When you copy the material below, keep every line exact and leave each picture out.

#### [Given material]
□ □ □ □ □ □ □

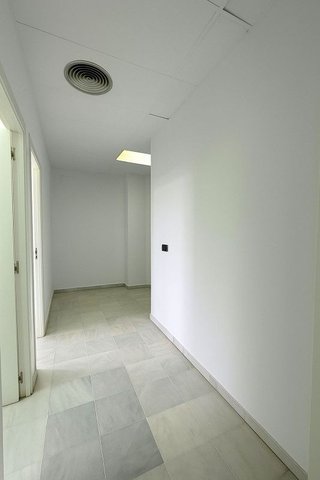 Oficina en venta en Parque Alcosa - Jardines del Edén en Sevilla
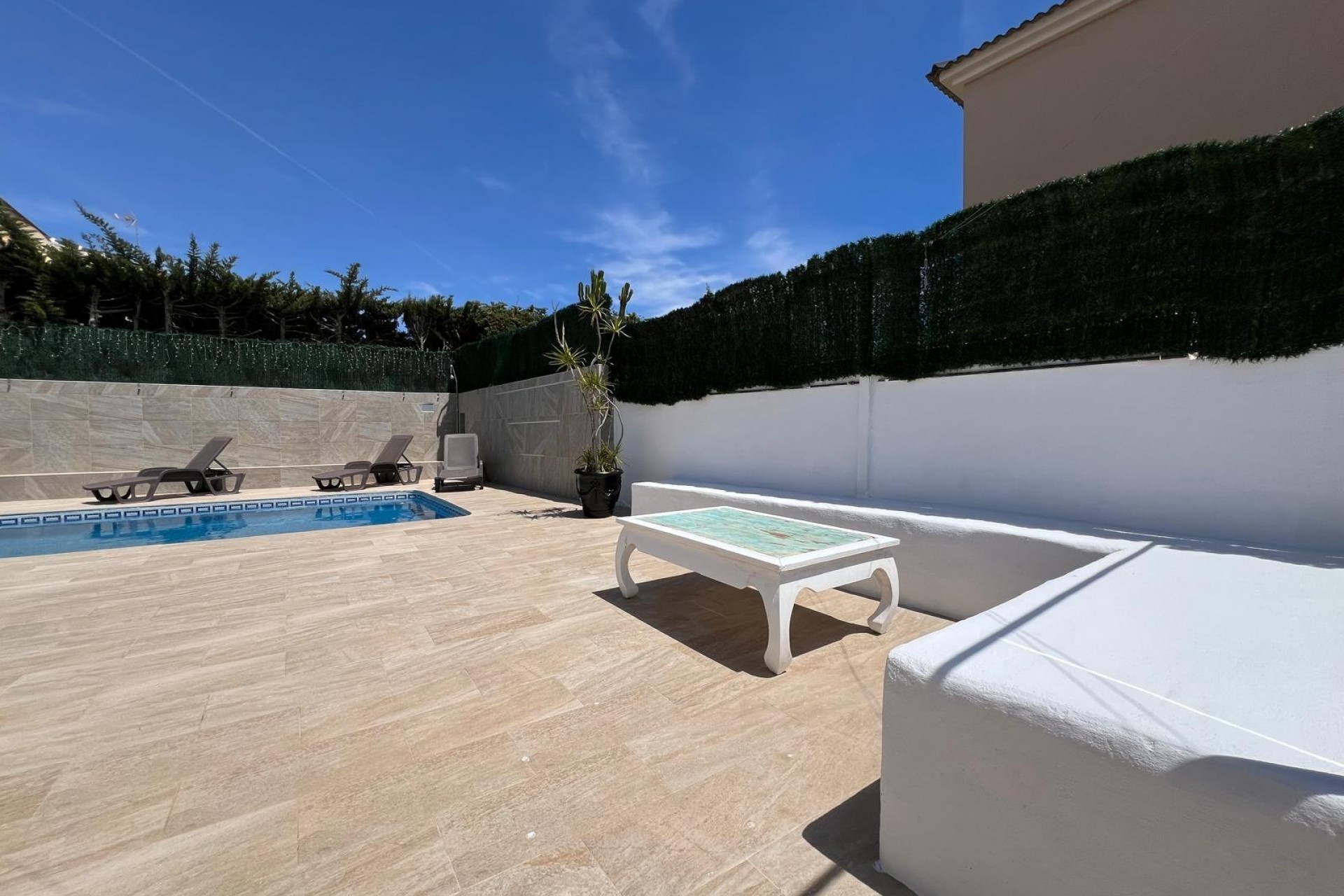 Reventa - Villa -
Torrevieja - Los Balcones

□ □ □ □ □ □ □

#### [Result below]
 Oficina en venta en Parque Alcosa - Jardines del Edén en Sevilla
 Reventa - Villa -
Torrevieja - Los Balcones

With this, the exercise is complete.